# Requirement
Pictures excluded, output exactly the lines from the one containing "в коробке (Китай)" through the last line of the listing below.

# Exercise input
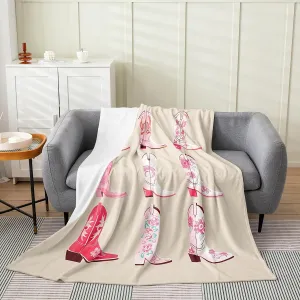 Erosebridal Cowgirl Throw Blanket Throw 50x60 Inch for Bedroom Living Room Sofa Couch,Western Cowboy Boots Fleece Blanket,Wild West Cowgirl Flannel Blankets,Farmhouse Bed Blankets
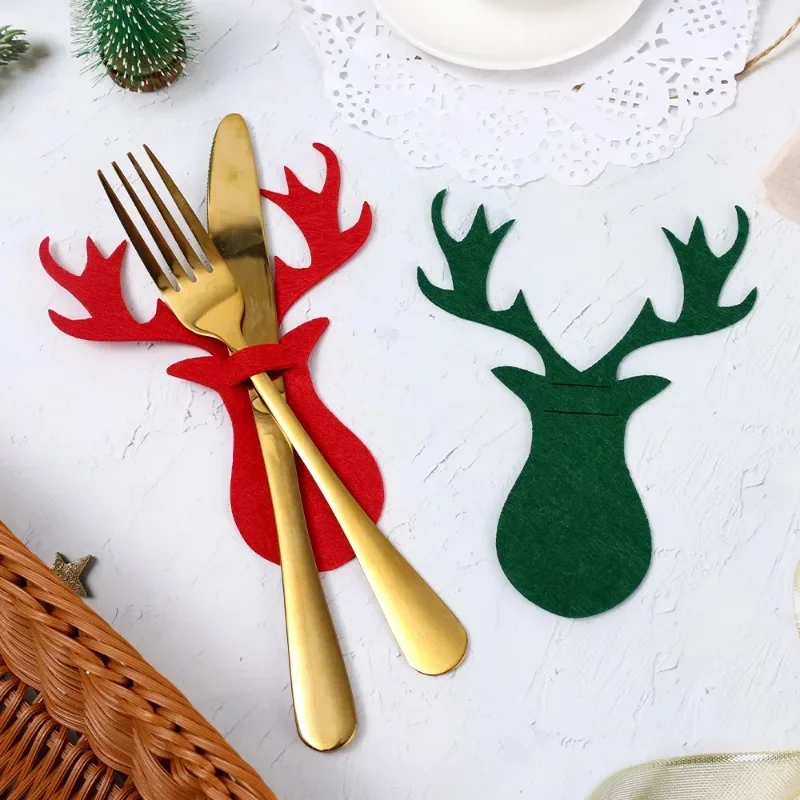 100Pcs Christmas Tree Cutlery Knife Fork Covers Table Decor Elk Xmas Tableware Pocket Holder Bags New Year  Party Decorations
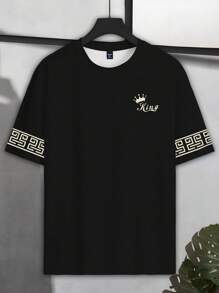 Manfinity Roughcore 大码男士时尚字母和花卉印花短袖 T 恤，休闲 T 恤，简约百搭，是送给男朋友或家人的绝佳礼物 - 彩色 - 查看 3
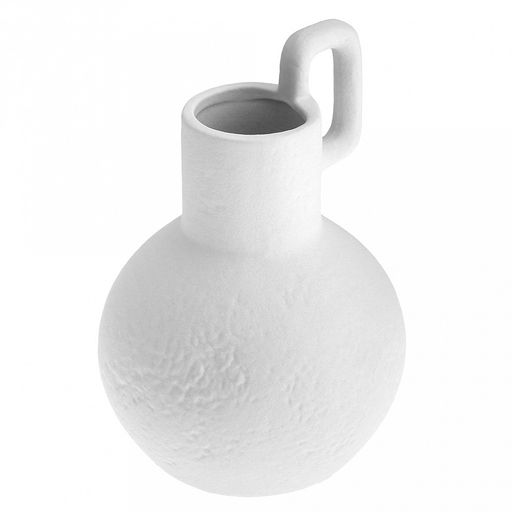 Ваза керамическая "Кувшин" 950мл, д13см h19,3см, горло - 4,5х4,2см, матовая, фактурная глазурь, цвет - белый, в коробке (Китай)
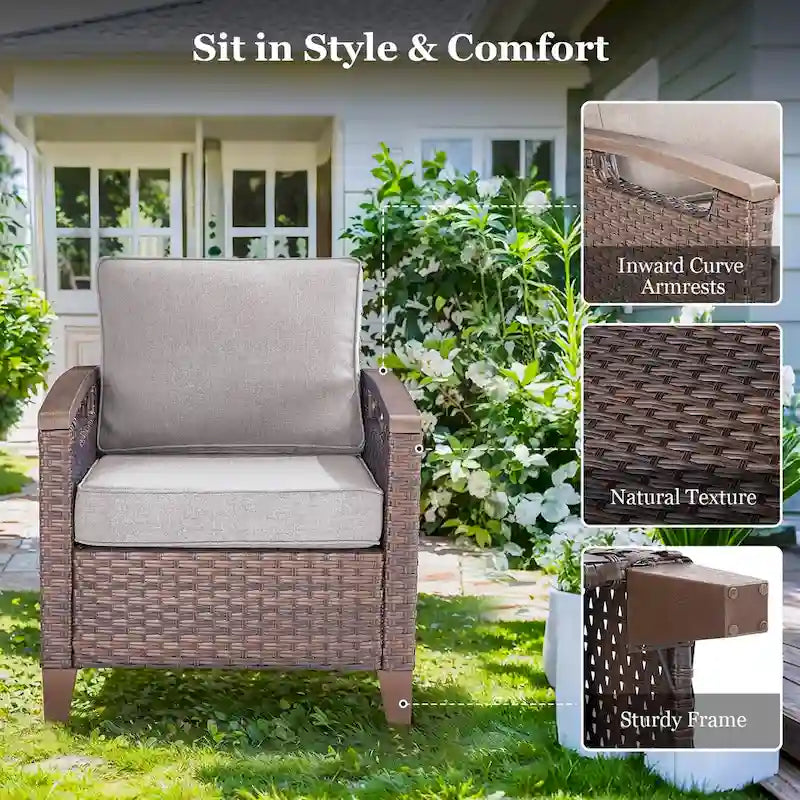 High Back Outdoor Patio Chairs Beige Cushion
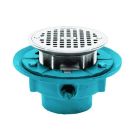 LSP Specialties N703W5375R Frank Pattern 3" No-Hub 5" Round 7″ Floor Drains with Strainer & Membrane Clamp in Nickle Bronze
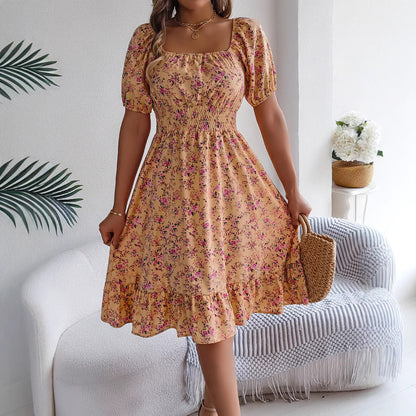 Robe Fleurie Épaules Dénudée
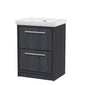 Hudson Reed Lille 600mm Floor Standing 2 Drawer Vanity Unit & Basin - Graphite Grey Woodgrain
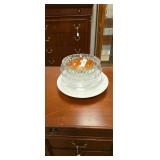 Group of clear serving bowls and a tray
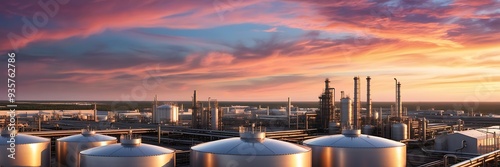 A large industrial plant with many tanks and a large truck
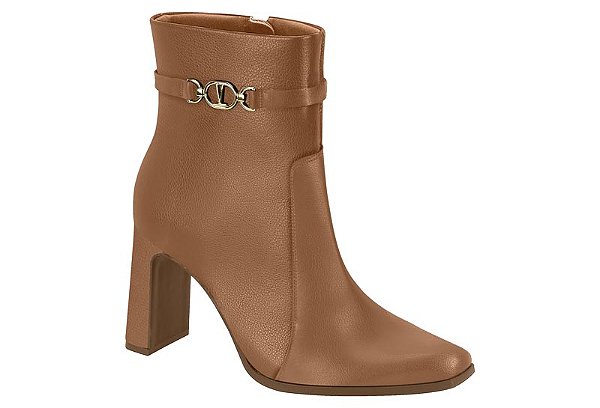 Bota Vizzano Cano Curto Com Salto Bloco Alto E Detalhe Metalizado Caramelo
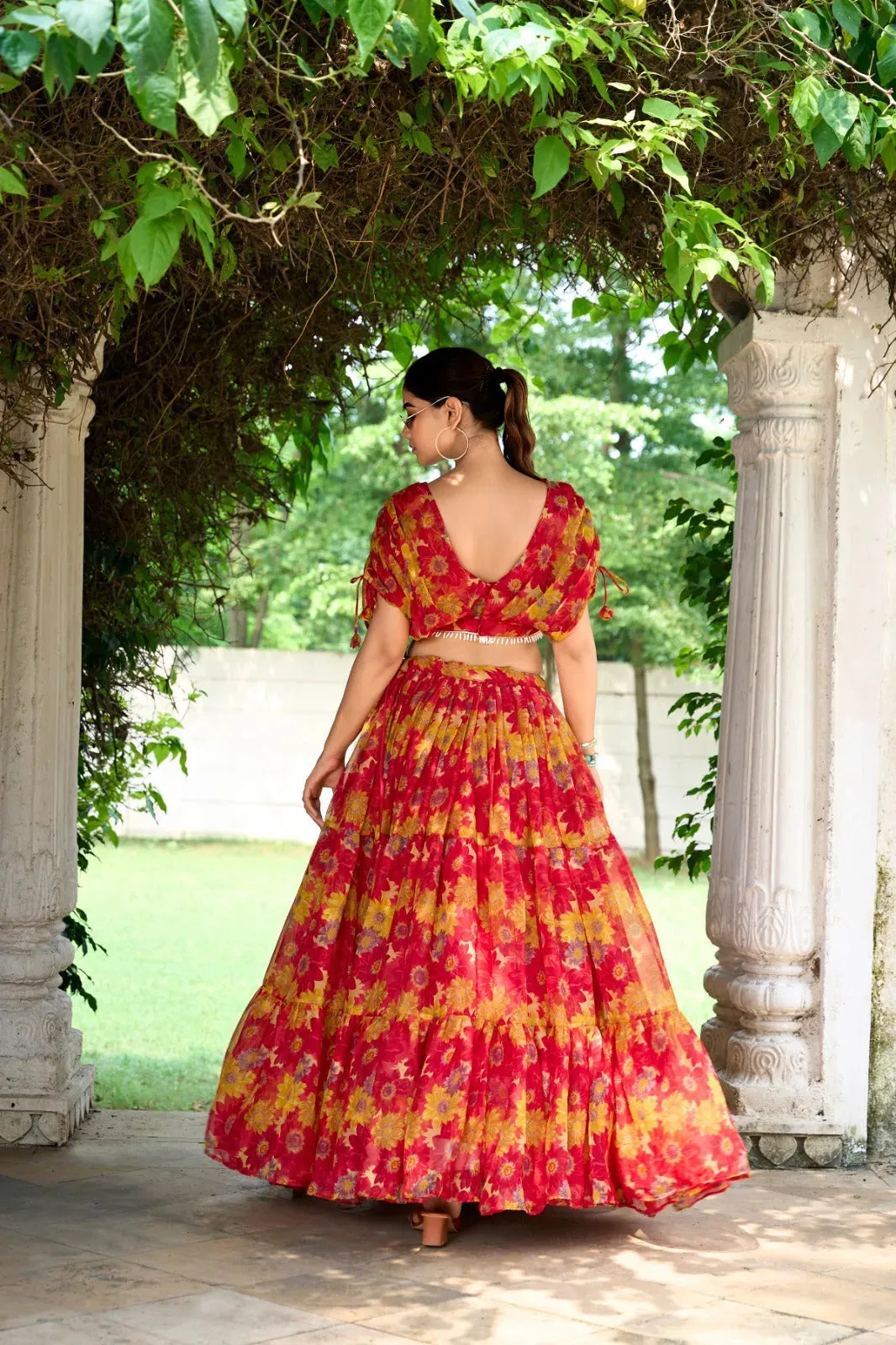 Ravishing Chiffon Red Floral Printed Lehenga Choli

# Solution
 Ваза керамическая "Кувшин" 950мл, д13см h19,3см, горло - 4,5х4,2см, матовая, фактурная глазурь, цвет - белый, в коробке (Китай)
 High Back Outdoor Patio Chairs Beige Cushion
 LSP Specialties N703W5375R Frank Pattern 3" No-Hub 5" Round 7″ Floor Drains with Strainer & Membrane Clamp in Nickle Bronze
 Robe Fleurie Épaules Dénudée
 Hudson Reed Lille 600mm Floor Standing 2 Drawer Vanity Unit & Basin - Graphite Grey Woodgrain
 Group of clear serving bowls and a tray
 A large industrial plant with many tanks and a large truck
 Bota Vizzano Cano Curto Com Salto Bloco Alto E Detalhe Metalizado Caramelo
 Ravishing Chiffon Red Floral Printed Lehenga Choli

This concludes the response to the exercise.